Entries supplied>
━━━
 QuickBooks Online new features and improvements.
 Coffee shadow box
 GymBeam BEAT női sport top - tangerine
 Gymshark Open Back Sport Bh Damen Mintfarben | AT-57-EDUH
━━━
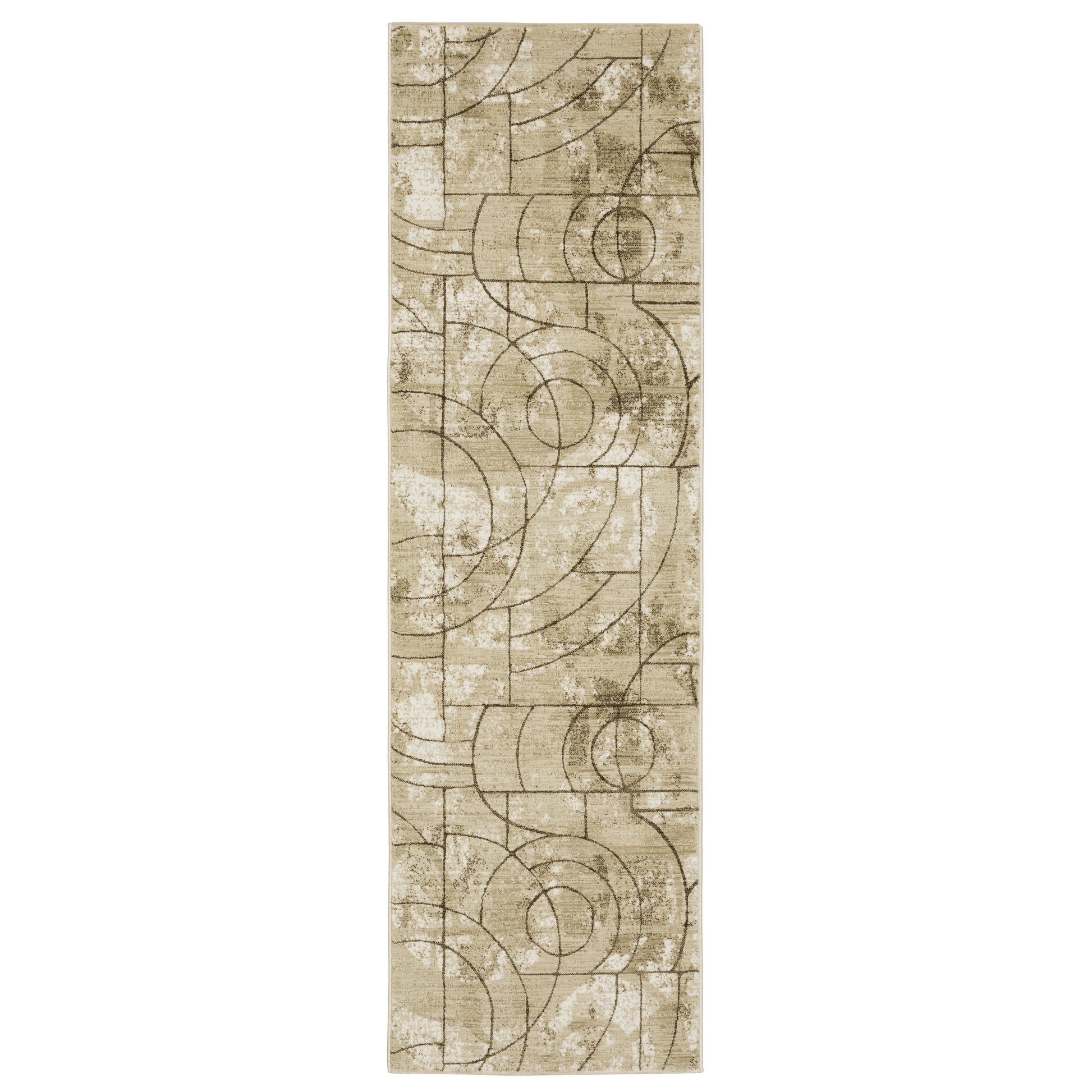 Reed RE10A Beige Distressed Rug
━━━
Task brief> Could you reproduce, exactly, every line above from the line with "QuickBooks Online new" to the line with "Gymshark Open Back", and no other line? Both ends count.

Solved exercise>
 QuickBooks Online new features and improvements.
 Coffee shadow box
 GymBeam BEAT női sport top - tangerine
 Gymshark Open Back Sport Bh Damen Mintfarben | AT-57-EDUH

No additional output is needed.